§ **PROBLEM**
Beginning with the line that includes "Casa de Condomínio" and ending with the last line of the entries below, set down each line exactly; include no pictures.

§ **DATA UNDER STUDY**

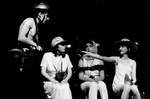 Jugendclub Schauspielhaus Graz, "Der gute Mensch von Sezuan", 1998; Stephan Weinberger (Wang), Carina Fromm (1. Gott), Eva Kranz (2. Gott), Elisabeth Egger (3. Gott)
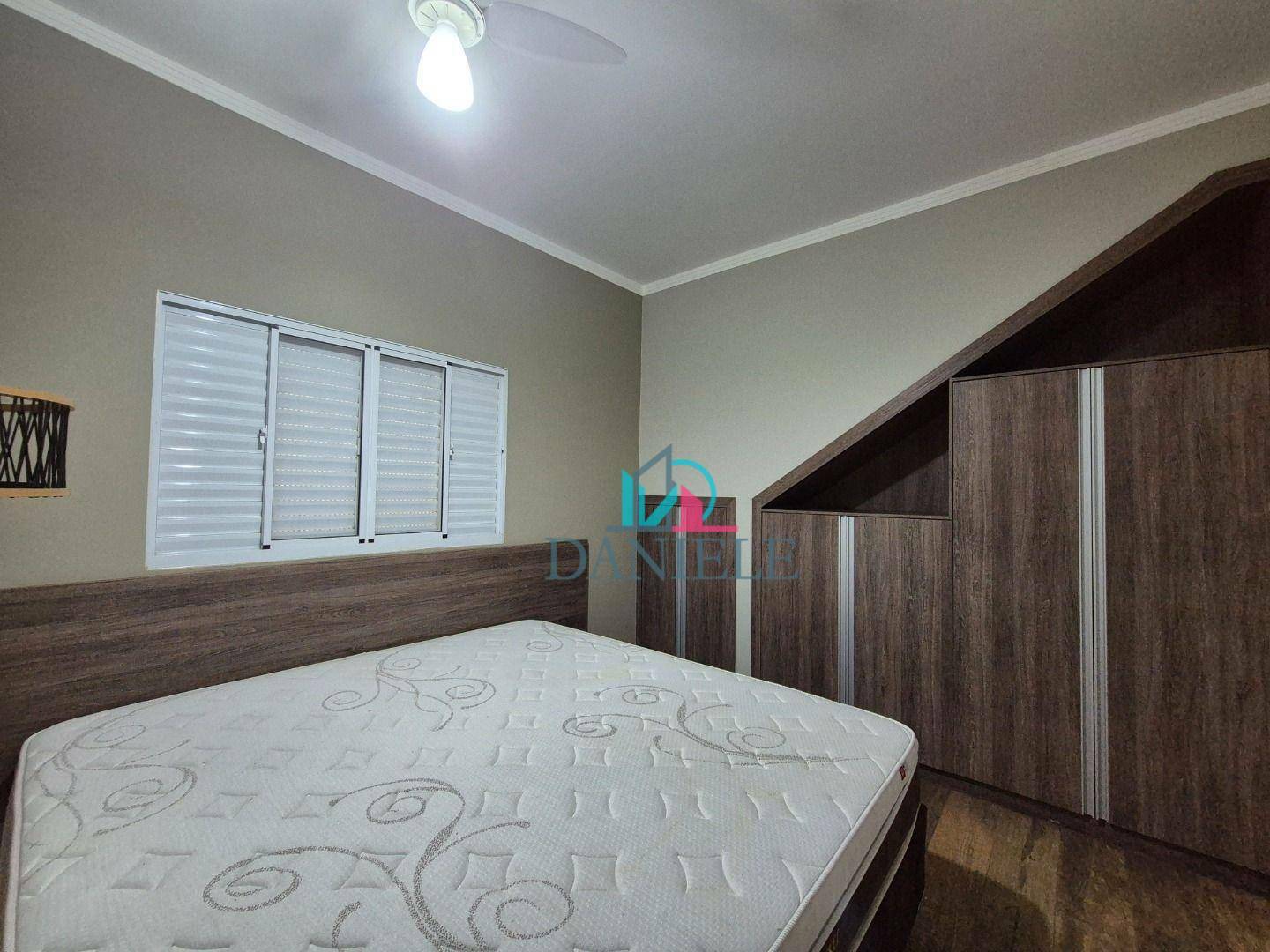 Casa de Condomínio à venda com 3 quartos, 240m² - Foto 18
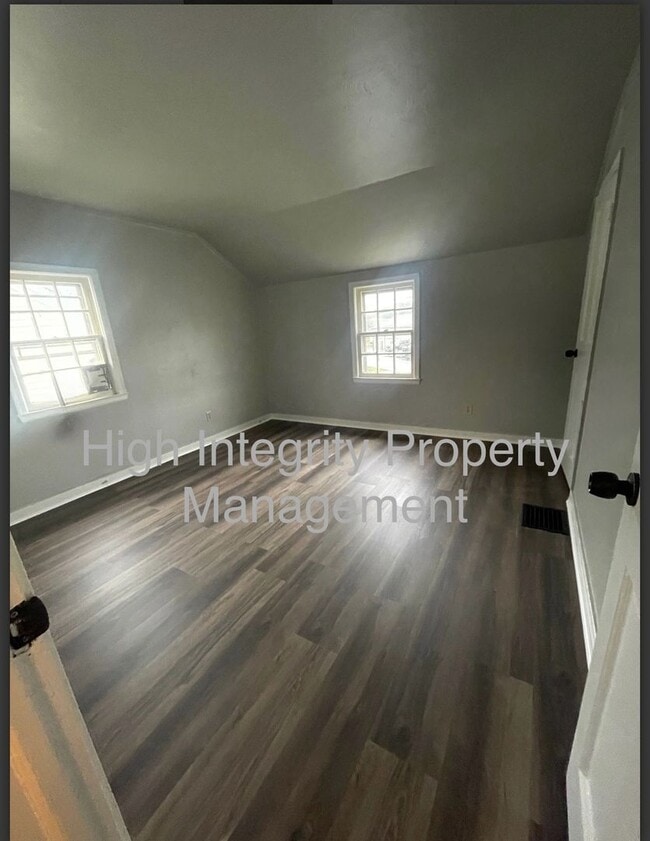 Building Photo - 822 Adams St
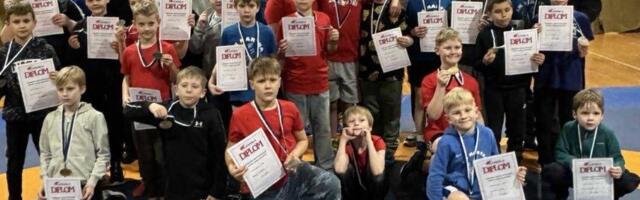 Maadlejad selgitasid Läänemaa meistrid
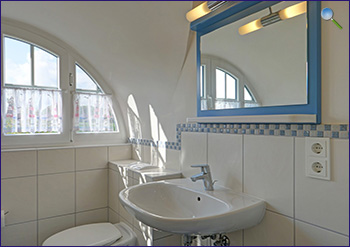Bad mit Badewanne im OG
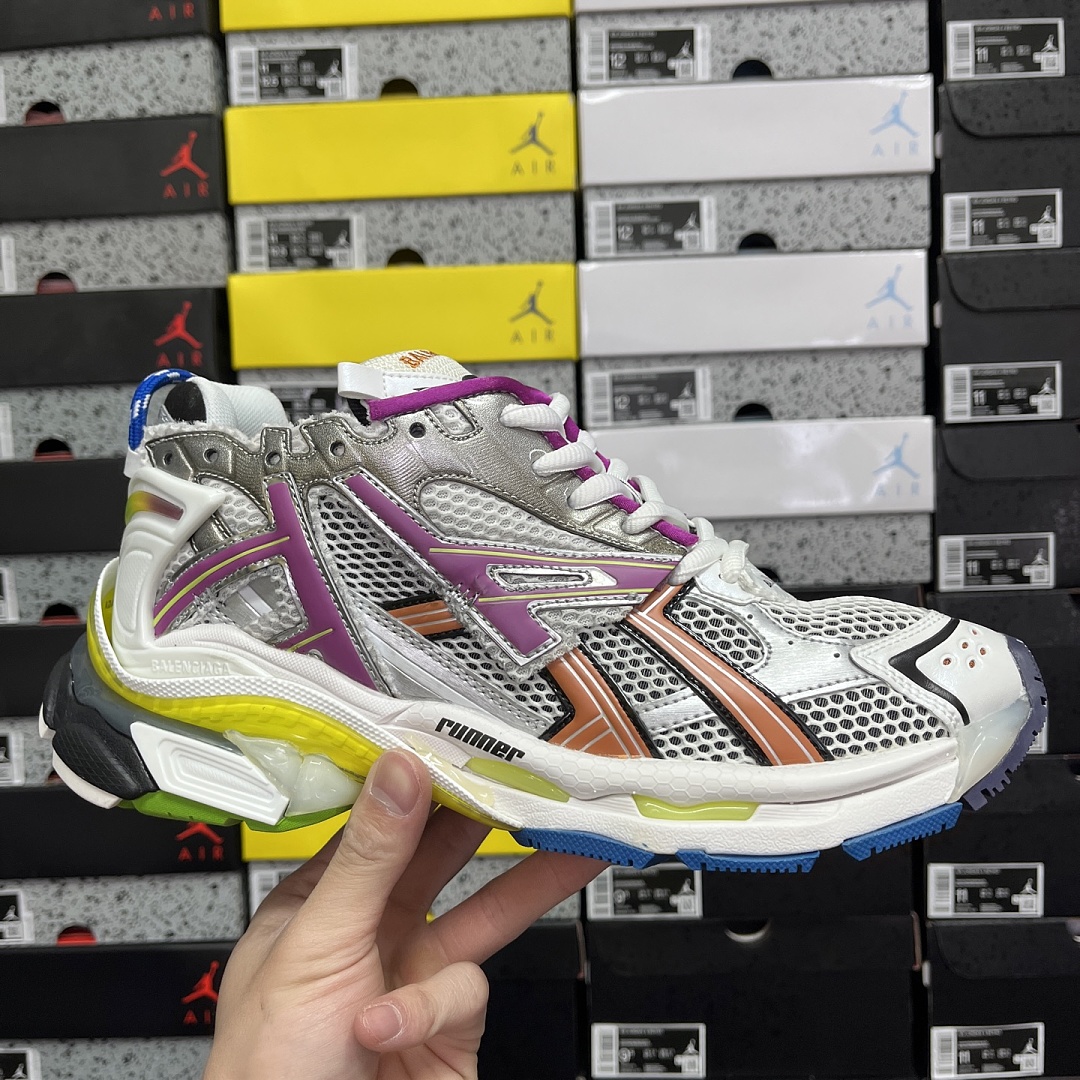 Balenciaga Runner/7.5 - Image 44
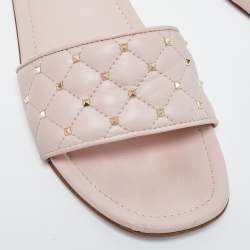 Pre Owned Valentino Pink Quilted Leather Rockstud Flat Slides Size 39.5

§ **ANSWER TO THIS PROBLEM**
 Casa de Condomínio à venda com 3 quartos, 240m² - Foto 18
 Building Photo - 822 Adams St
 Maadlejad selgitasid Läänemaa meistrid
Bad mit Badewanne im OG
 Balenciaga Runner/7.5 - Image 44
 Pre Owned Valentino Pink Quilted Leather Rockstud Flat Slides Size 39.5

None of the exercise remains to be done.